Voila un mois que nos gardiens de prison sont en grève. Un mois que des milliers de prisonniers sont privés de douche. Qu’ils ne reçoivent qu’un repas par jour. Qu’ils sont cantonnés continuellement dans leurs cellules jusqu’à dix pour quelques mètres carrés. Que des centaines de malades incarcérés sont privés de soins adéquats. Que des émeutes éclatent. Que le gouvernement semble impuissant. Déjà un mort en aile psychiatrique. Du sang jusqu’au plafond. Un mois.
Ça ne peut pas durer.
Voila deux ans que d’anciens néo-nazis sont rentrés au gouvernement. Deux ans que Charles Michel pactise avec ceux qu’il qualifiait autrefois de "racistes". Deux ans qu’ils distillent leur propagande fascisante dans les plus hautes sphères de l’Etat. Deux ans qu’ils contrôlent la police. La sûreté de l’Etat. Les finances. La lutte contre la fraude fiscale. La lutte contre la pauvreté. L’égalité des chances. L’immigration. La politique des grandes villes. Deux ans qu’ils n’ont montré qu’incompétence dans tous ces secteurs. Incivisme. Attentats. Grèves. Fraudes. Misère. Discriminations. Racisme. Capitale à l’abandon. Deux ans que l’extrême-droite mène le pays au bord du gouffre.

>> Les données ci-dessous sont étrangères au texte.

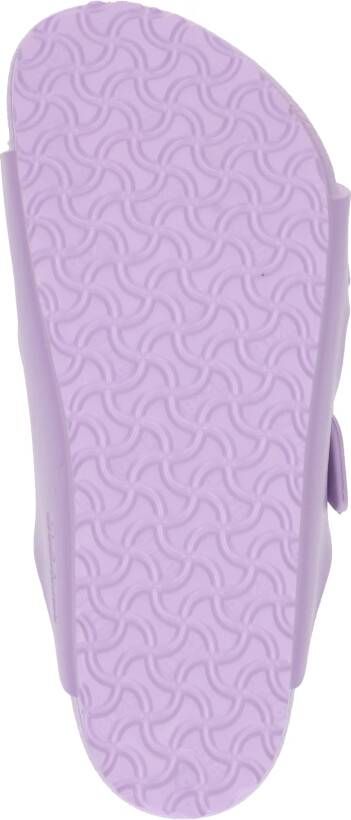 Birkenstock Open schoenen 'Arizona'
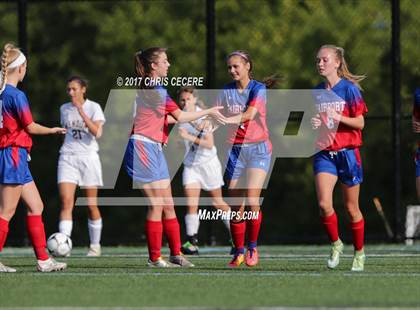 Thumbnail 2 in Fairport @ Mendon photogallery.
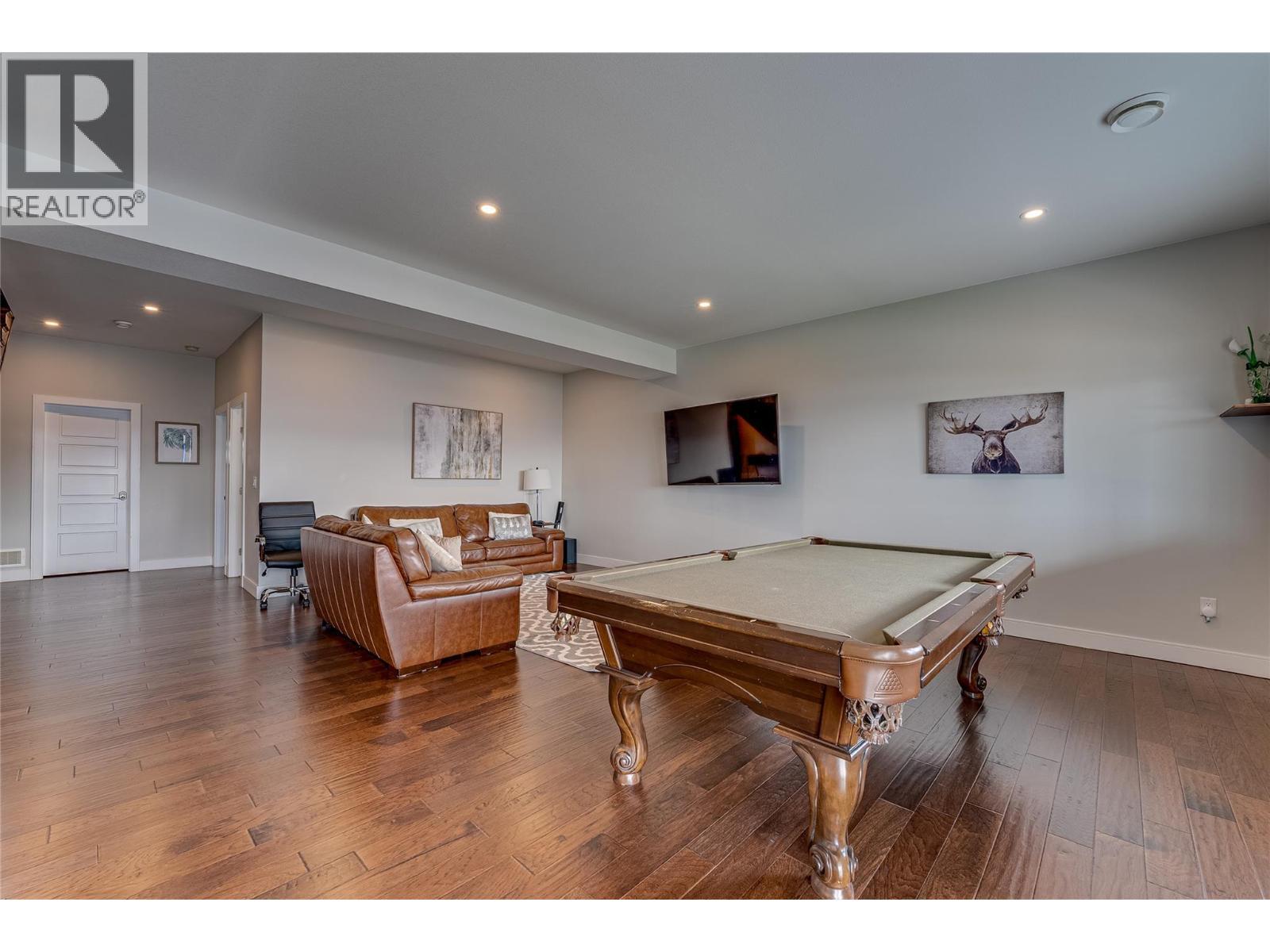 7429 Sun Peaks Drive. Vernon, British Columbia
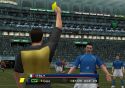 Pro Evolution Soccer 2 - Immagine 18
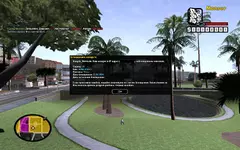 Снимок экрана (24).webp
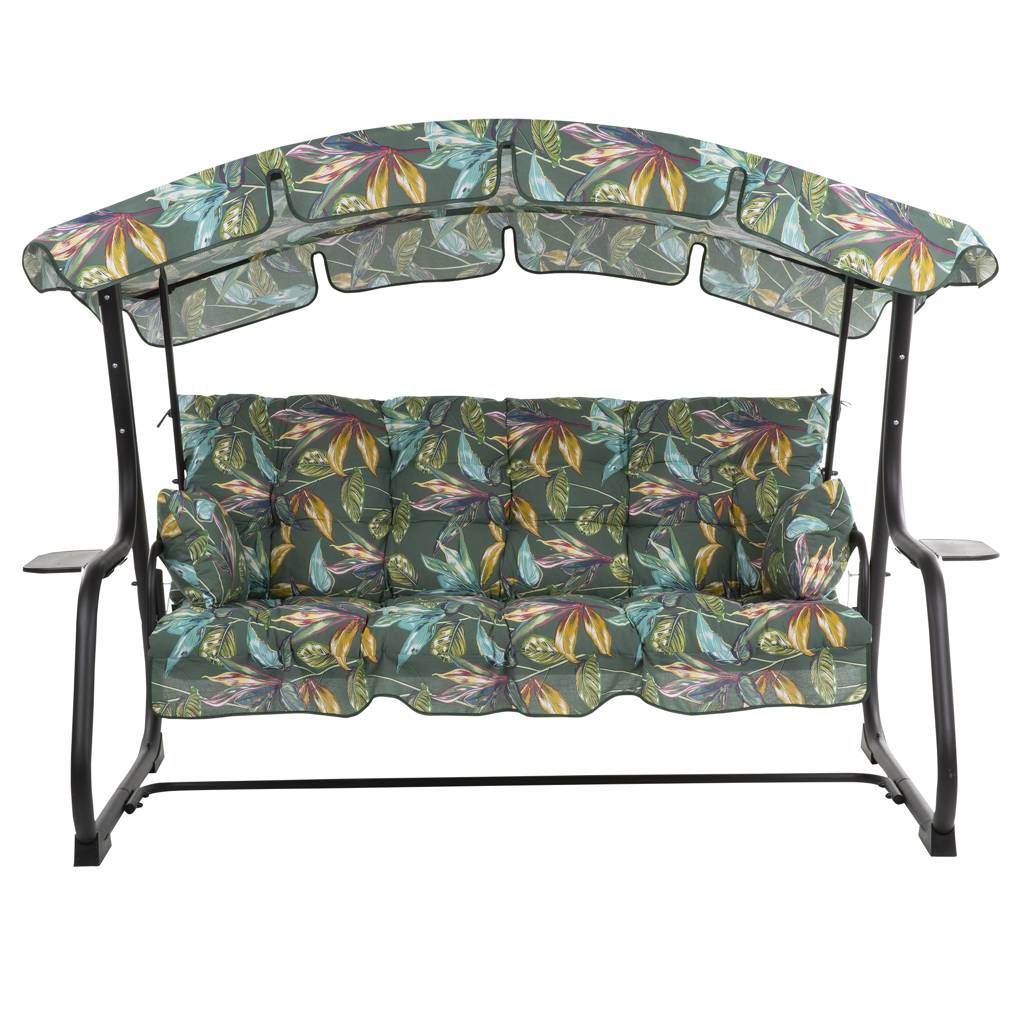 https://dajar.pl/media/catalog/product/4/4/448627_02.jpg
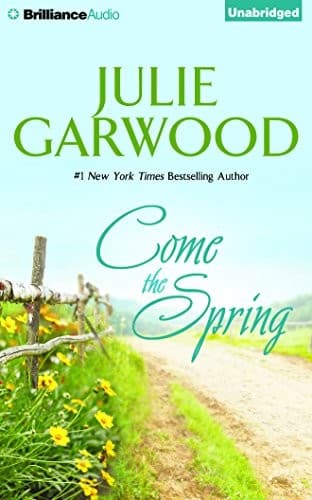 Come the Spring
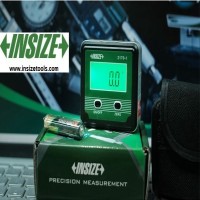 زاویه سنج و شیب سنج دیجیتال اینسایز مگنتی مدل 1-2170 - با گارانتی شرکتی 2170-1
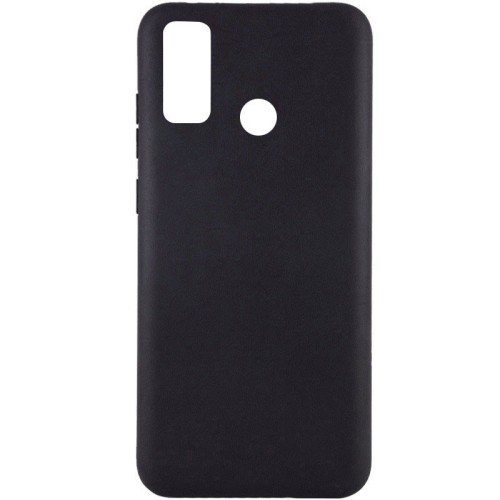 Чохол TPU Epik Black для Huawei P Smart (2020) Чохол TPU Epik Black для Huawei P Smart (2020)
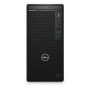 Komputer Dell Optiplex 3080 N005O3080MTEM - zdjęcie poglądowe 3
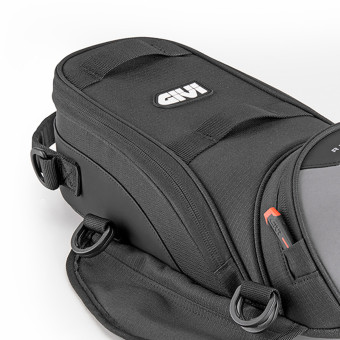 Givi Borsa serbatoio Easy02 6L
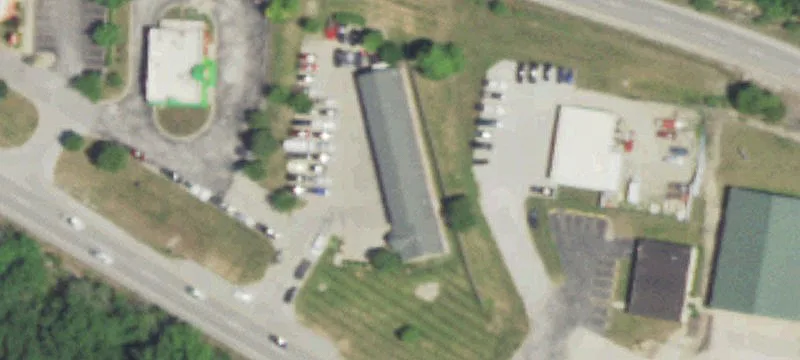 19600 Us 40th Hwy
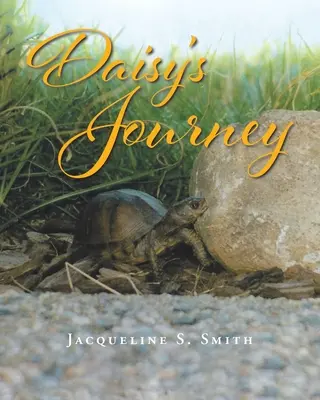 Daisyina cesta - Daisy's Journey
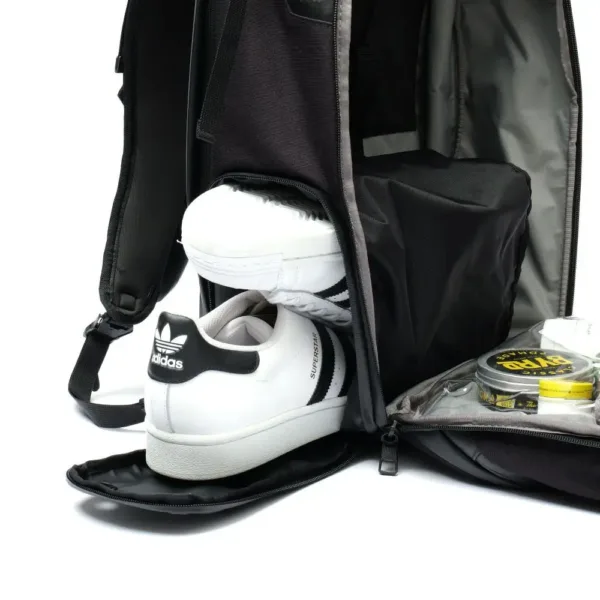 AS2OV – BLEISURE BACK PACK L 67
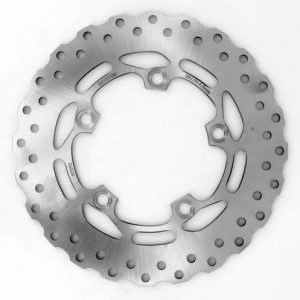 Disque de Frein Wave Yamaha DIS1274W Ø245mm 2004-2015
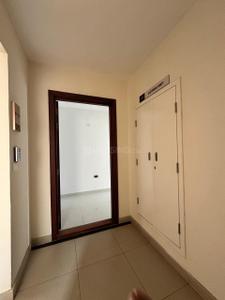 Hall Image of 1500 Sq.ft 3 BHK Apartment / Flat for sale in Epitome Elan, JP Nagar Bengaluru for Rs. 22000000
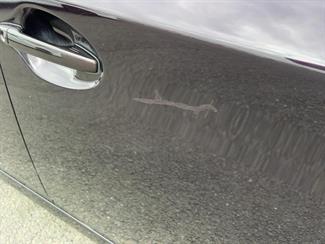 2013 Toyota Prius - Thumbnail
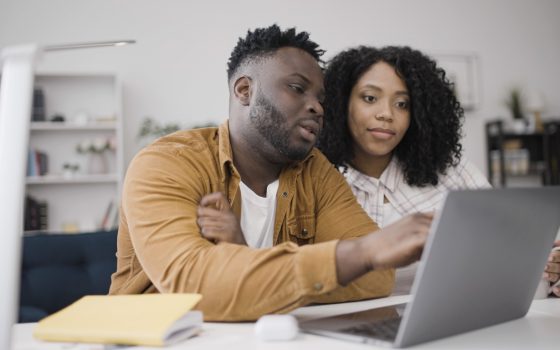 What’s behind the rise in disability benefit claims?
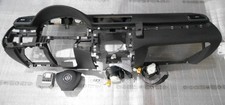 Kit Airbag Cruscotto VW Passat B7 SW 2011 5N0959655R 3C8880201H 3AA880204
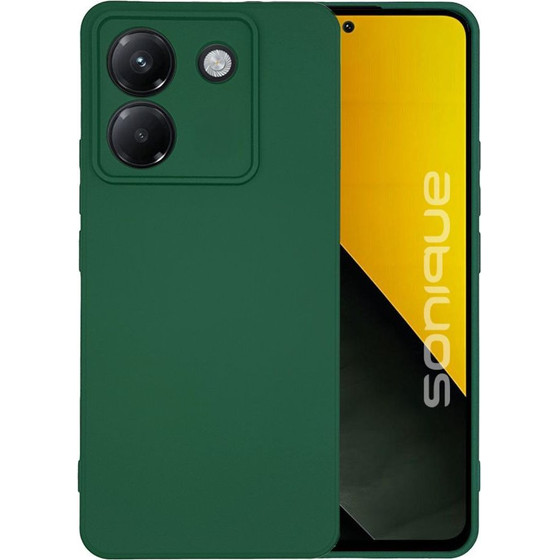 Sonique ���� ��������� My Colors Xiaomi Poco M7 Pro 5G ������� ������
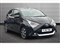 Toyota Aygo Image 1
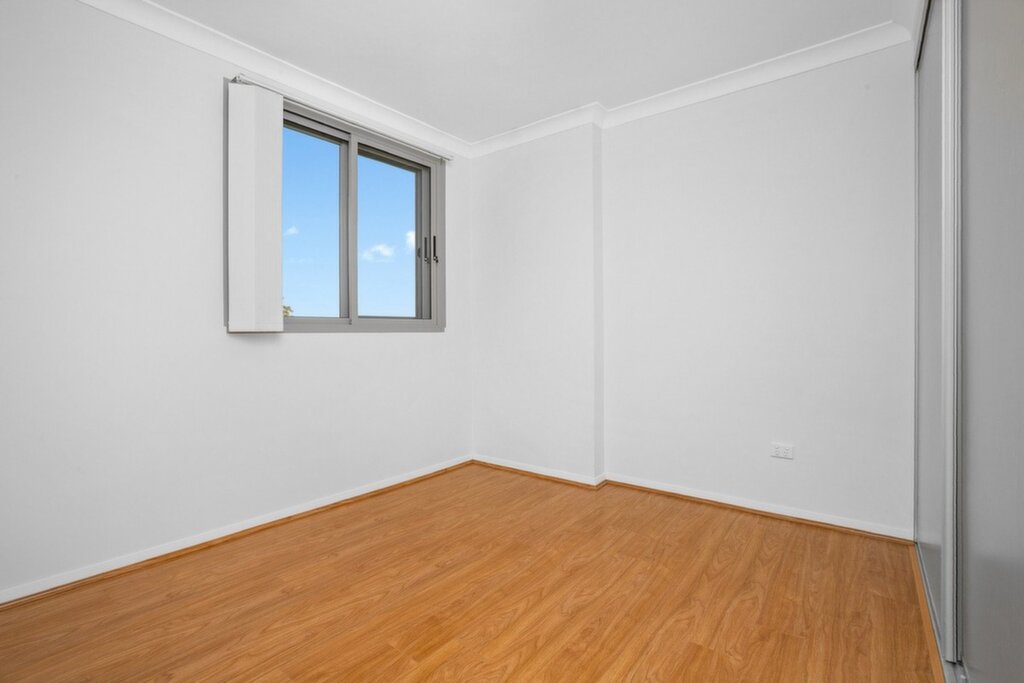 85/13-19 Seven Hills Road, Baulkham Hills - Thumbnail 5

Deux ans.
Ça ne peut pas durer.
Voila dix ans que le nombre de sans-abris explose. Doublé en dix ans à Bruxelles qu’il a, ce nombre. Dix ans que l’on ne s’émeut plus des malheureux dormant sur le pavé à chaque coin de ses rues. Que le nombre de morts dans nos rues ne fait qu’augmenter. De froid. De faim. Seuls. Avec une Cara Pils pour seule consolation. Dix ans que les huissiers expulsent à tours de bras avec la force de la loi. Que l’extrême misère s’étend. Dix ans.
Ça ne peut pas durer.
Voila quinze ans que la haine s’étale publiquement sans complexe. Racisme. Homophobie. Haine des Roms. Appels aux meurtres. Menaces. Volontés de génocides. Hommages à des collaborateurs du régime nazi. Dans tous les médias. Des anonymes jusqu’à des ministres. Quinze ans que des assassinats et tortures racistes sont perpétrés. Que des homosexuels sont agressés, parfois même par les forces de police. Que les roms sont traités par l’Etat comme des animaux. Que le patronat étale ses pratiques discriminatoires raciales. Que le parquet s’en moque. Quinze ans.
Ça ne peut pas durer.
Voila vingt ans que notre pays est secoué de scandales fiscaux. Vingt-ans que le travail n’est que survivance. Plus personne n’en doute. KB-Lux. Amnisties fiscales. Lux-Leaks. Panama Papers. Toute une classe supérieure vit sur le sang des classes inférieures. Cumul d’allocations à des rentes exorbitantes. Primauté du consommateur sur le travailleur. Spoliation des revenus du travail. Explosion des revenus des patrimoines. Asile aux rentiers français fuyant leur ISF. Uccle. Néchin. L’emploi n’est plus qu’une vue de l’esprit. Le pays ne compte plus que 2,7 millions de travailleurs déclarés. Seuls à financer tout l’édifice. Vivant parfois dans des conditions misérables. Vingt ans.
Ça ne peut pas durer.
Voila trente ans qu’on nous promet une sortie du nucléaire. Qu’on en connaît le danger. Que des bombes atomiques américaines sont stockées illégalement dans notre pays. Que nos centrales nucléaires se fissurent. Qu’on distribue des pastilles d’iode, au cas où. Trente ans qu’on ne fait rien. Qu’aucun plan de cette sortie promise n’est mis en oeuvre. Trente ans.
Ça ne peut pas durer.
Voila quarante ans que nos politiques et technocrates ne font plus illusion. Corruption. Oligarchie. Charges héréditaires. Conflits d’intérêts. Ca parle au nom des travailleurs. Parfois au nom des pauvres. Ca ne les connaît que de nom. Cela ne nous étonne plus. Charleroi. Agusta. Valises suisses. Le Botanique. Kubla. De Decker. Quarante ans. Que l’Etat se désagrège sous les coups de boutoir linguistiques. Que des pans entiers de l’armée et de la police s’autonomisent. Que les tueurs du Brabant et Patrick Hamers sentent le souffre. Quarante ans.
Ça ne peut pas durer.
Voila deux siècles que le pays vit sur le sang du monde. Qu’il proclame sa fierté de ses crimes contre l’humanité au Congo. Du fouet. Des mains coupées. Des massacres. Des assassinats. De Lumumba. Que l’exploitation se pare des oripeaux de coopération. Que nous créons et vivons de l’endettement des pauvres. Que nous formons et rémunérons les dictateurs. Que notre micro-pays est un des premiers exportateurs d’armes au monde. Qu’Anvers charrie les diamants du sang. Deux siècles.
Ça ne peut pas durer...
Et, pourtant, ça dure...
Belgique, Bruxelles-ville, mai 2016.